Treatment could be any number of things. Splicing had drawbacks, and although most blends were stable now, there were always issues that cropped up, and it could well be something like that, he figured. She'd looked healthy enough the last time he'd seen her, although . . .
Stinger moved into the living room, glancing up. "You lot, the ones who went out with the queen. To me," he ordered, and closed his eyes. Within moments he stood covered in bees, a thick, moving beaded blanket of them over his shoulders and chest, crawling through his shock of hair and along his craggy face. The sight might have sent some screaming, but Stinger merely slowed his breathing and let the hum reach into his hearing and connect with the part of his mind that understood.

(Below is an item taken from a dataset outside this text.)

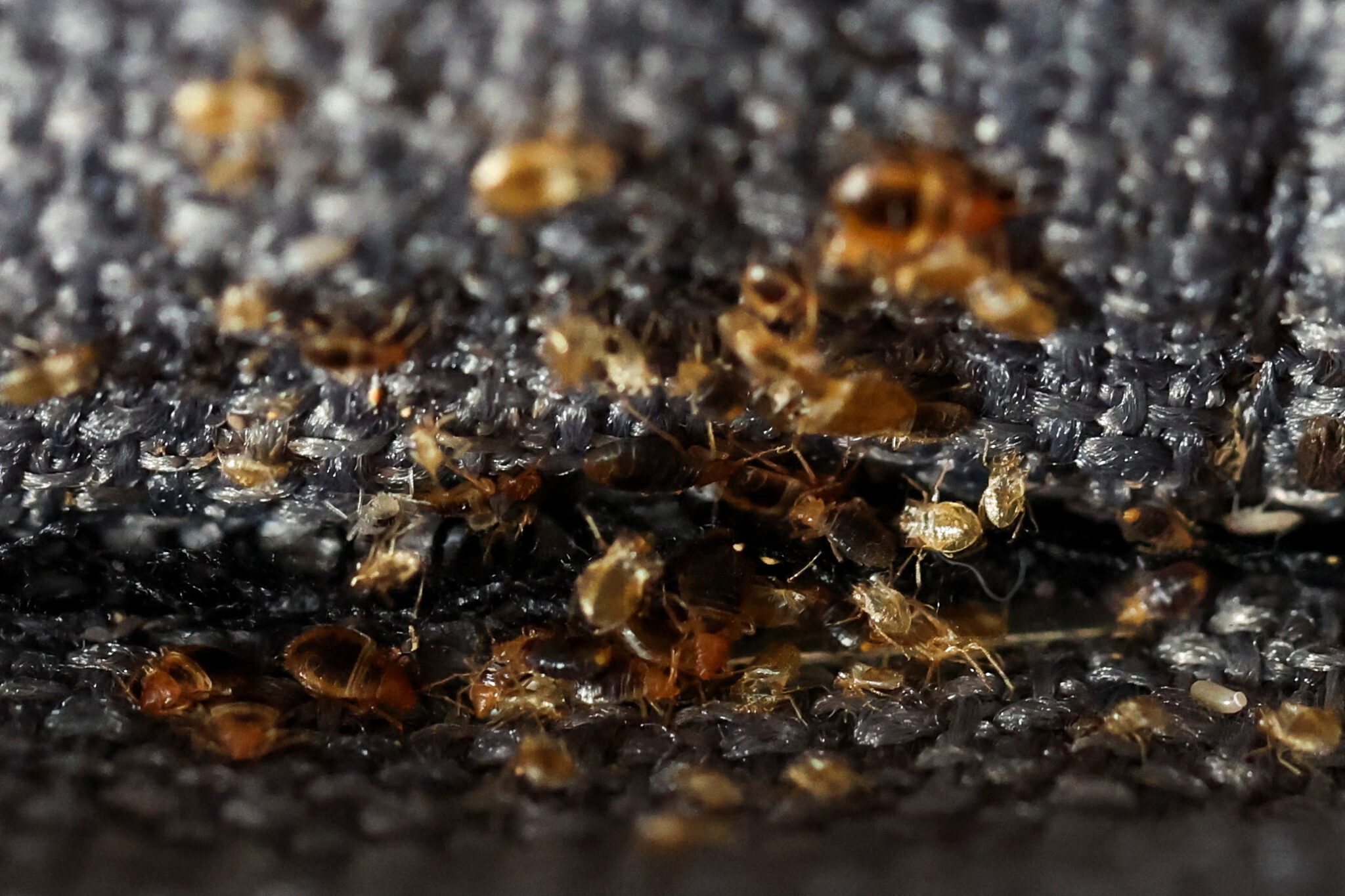 France Struggles to Wipe Out Bedbugs at the Airport and on Trains Before Olympics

/Good/ Came the first impression /Of the hive/
/Yes I know you like her/ Stinger impatiently acknowledged. /What's wrong with her/
A sense of agitation rose, and with it, an odd reluctance on the part of the bees. Stinger waited for them to settle down, and they did, but not before leaving him with an impression it was something they didn't want to speak about.
He pressed. /What's wrong with her/
Now the buzzing was atonal, confused. Stinger tried to stay calm but his hive grew tense, and he felt the prickle of their feet digging in against his skin.
This hadn't happened in ages, he realized. Not since his arrival in this planet. They were resisting him, and rather than do damage, he allowed himself to hum.
The Drone's Song rose from him, calm and low; steady. Within a few moments the hive settled down again, and began to lift away from Stinger in patches—first his face, then his hair, then his shoulders. One pokey worker made her way to the rim of his ear before taking off, flicking it lightly and making him frown.
He looked upwards. "All right. Something's wrong and I'll find out from her myself."
And he would, Stinger told himself. Any secret that could work his hive up like this was dangerous.